PROBLEM REQUIREMENTS – Write out again the lines from the line with "Gastroschisis is a" up to and including the line with "4 Incredible Stretch", exactly as they stand below, and skip any picture.

DATA IN THIS EXERCISE –
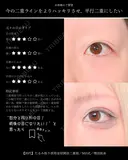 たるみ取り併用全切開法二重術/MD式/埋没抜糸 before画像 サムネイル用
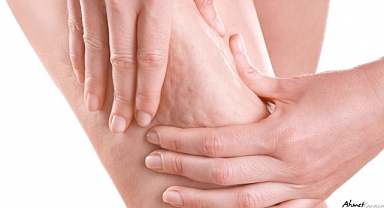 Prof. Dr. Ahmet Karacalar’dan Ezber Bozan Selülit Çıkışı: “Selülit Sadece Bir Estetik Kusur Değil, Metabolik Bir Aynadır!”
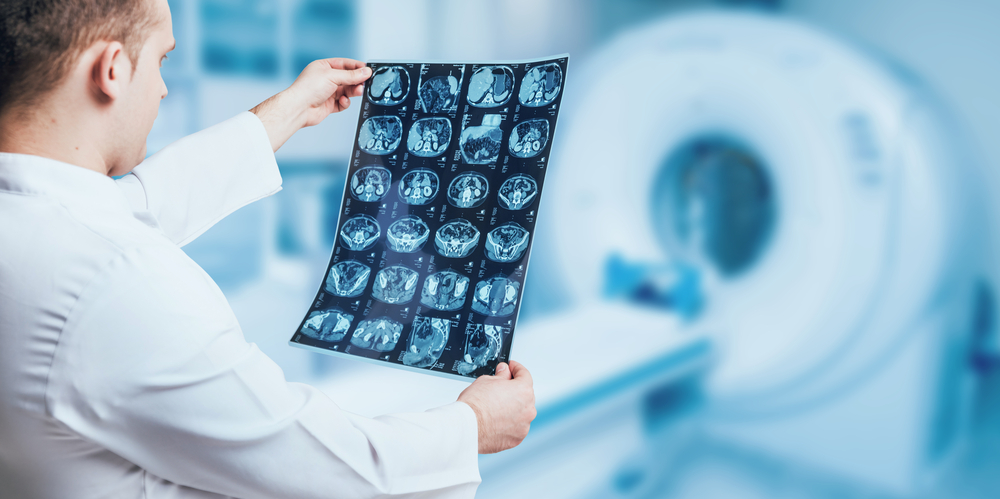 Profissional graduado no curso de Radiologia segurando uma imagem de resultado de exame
--
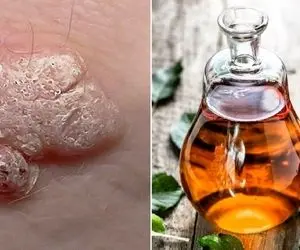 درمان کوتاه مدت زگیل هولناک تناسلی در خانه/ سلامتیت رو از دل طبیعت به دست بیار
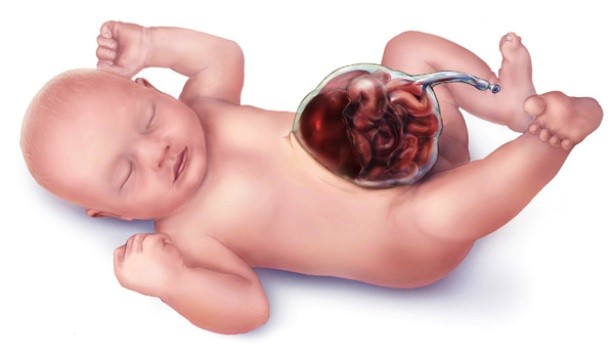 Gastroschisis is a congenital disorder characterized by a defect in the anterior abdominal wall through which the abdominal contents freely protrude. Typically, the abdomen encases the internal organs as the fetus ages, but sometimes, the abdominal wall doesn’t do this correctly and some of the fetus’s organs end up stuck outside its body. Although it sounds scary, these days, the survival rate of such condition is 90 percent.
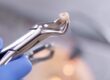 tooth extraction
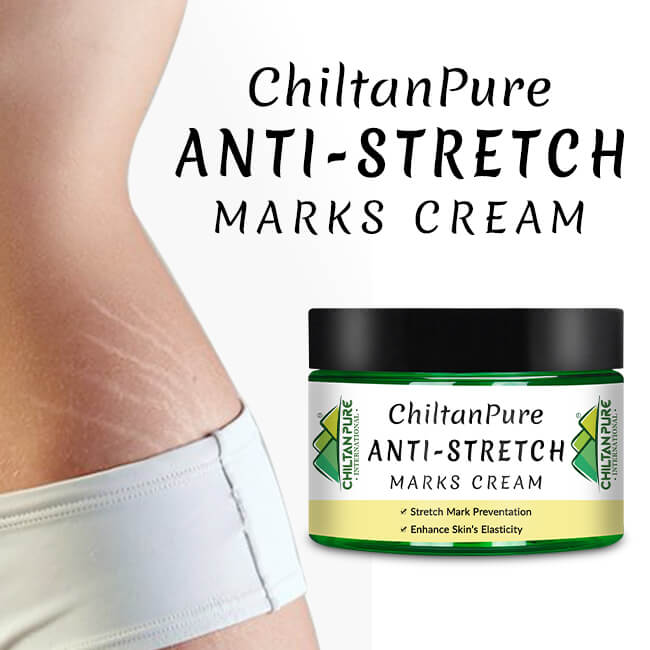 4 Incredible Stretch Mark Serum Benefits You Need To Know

PROBLEM SOLUTION –
 Gastroschisis is a congenital disorder characterized by a defect in the anterior abdominal wall through which the abdominal contents freely protrude. Typically, the abdomen encases the internal organs as the fetus ages, but sometimes, the abdominal wall doesn’t do this correctly and some of the fetus’s organs end up stuck outside its body. Although it sounds scary, these days, the survival rate of such condition is 90 percent.
 tooth extraction
 4 Incredible Stretch Mark Serum Benefits You Need To Know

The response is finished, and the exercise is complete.